The topic of Augustus’ connection to Mos maiorum is one that has already been well analysed. However less is understood on why the Roman people accepted the connections he was making to such ancient traditions and also significant historical figures in Rome. The project proposes that their pre-existing, emotional connections to Mos maiorum and the resonance they felt with it – particularly those built on previous habitualisation through ritual – allowed them to appreciate and understand the importance Augustus placed on these values. It would additionally have prompted them to view him as a champion of Roman values and Roman tradition, despite several aspects of Augustus’ ascent to power going against the values on morality and democracy that are embraced within the concept of Mos maiorum. This paper aims to demonstrate the overall argument by using two of the names Augustus used since 44BC, as an example of how he linked himself to these traditions. It will, in each case, analyse why he needed to change his name and which aspects of Mos maiorum he was channeling with each of the two names. Afterward, the paper will also investigate if an emotional connection could have existed between the ritual or tradition in question and if this could then have allowed them to understand Augustus’ message. Furthermore, in each instance, the paper will also question if each of the names would have meant something different to the Aristocracy and the masses.

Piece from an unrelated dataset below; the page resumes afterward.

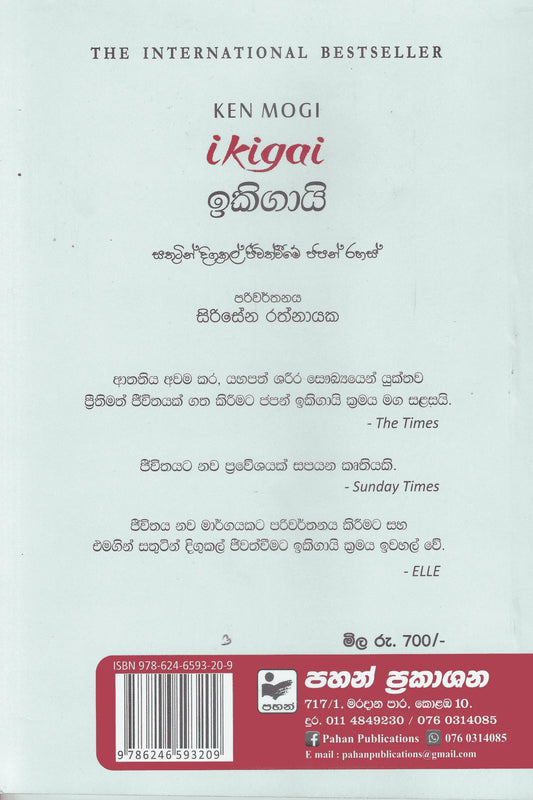 ඉකිගායි| Ikigai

The overall hypothesis of the paper, is that the support garnered for Augustus’ association with Mos maiorum was created through the Romans’ existing emotional connection to the traditions and rituals associated with it and their ability to resonate with these traditions and rituals. However, this paper, and the project overall will take into account the possibility of this support being created through ulterior motives, rather than as a consequence of strong emotional connection and resonance towards Mos maiorum. While emotional links to the rituals – especially those linked strongly with a sense of identity – could certainly have moved people to become devoted to Augustus, it should be noted that the Late Republican period saw the rise of numerous powerful Roman personalities, all vying for some form of power and frequently turning against each other to ensure that this power was obtained. It is perfectly possible, that in some instances, ambition triumphed over emotion.

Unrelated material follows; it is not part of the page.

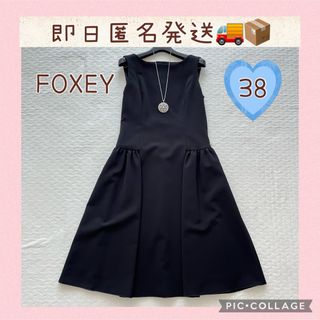 FOXEY - フォクシー FOXEY ブラック フォーマル デイジーリン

Matteo Santarelli presents a working paper on ‚Values, concepts, and contingency: re-assessing Joas’ theory of values‘

This paper is part of the introduction to the Italian edition of Hans Joas’s
book Die Entstehung der Werte. This paper aims at discussing and
reassessing Joas’ theses from the standpoint of nowadays scientific,
political and cultural debates.
In the first section of the paper, I will briefly reconstruct Joas’ definition of
values as the articulation of experiences of self-formation and selftranscendence.

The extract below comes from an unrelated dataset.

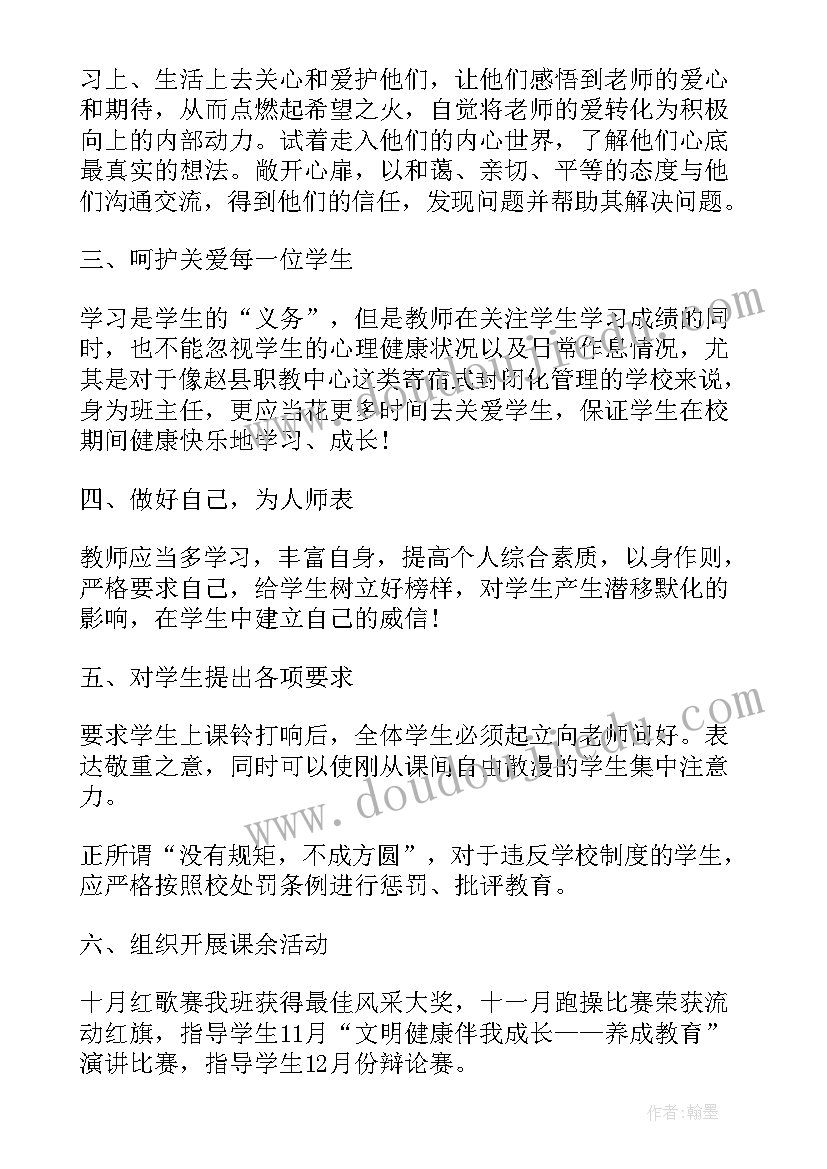 2023年高一班主任年度工作总结(精选8篇)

In the second section of the paper, I will try to develop Joas’ theory of values presented in his 1997 essay from a theoretical point of view. As an outcome of this discussion, two supplementary theses will be introduced and discussed: values have an abstract (or more precisely, vague) conceptual content; moral judgments and feelings exceed the conceptual content of values. In the third section of the paper I will try to apply this theoretical reelaboration of Joas’ theory to discuss a contemporary issue, that is the role that values play in contemporary political and social life. Specifically, I will try to show how limited is an understanding of western contemporary societies in terms of total loss of values. The critical focus of this discussion will be Wendy Brown´s nihilistic interpretation of the contemporary conservative reactivation of traditional values.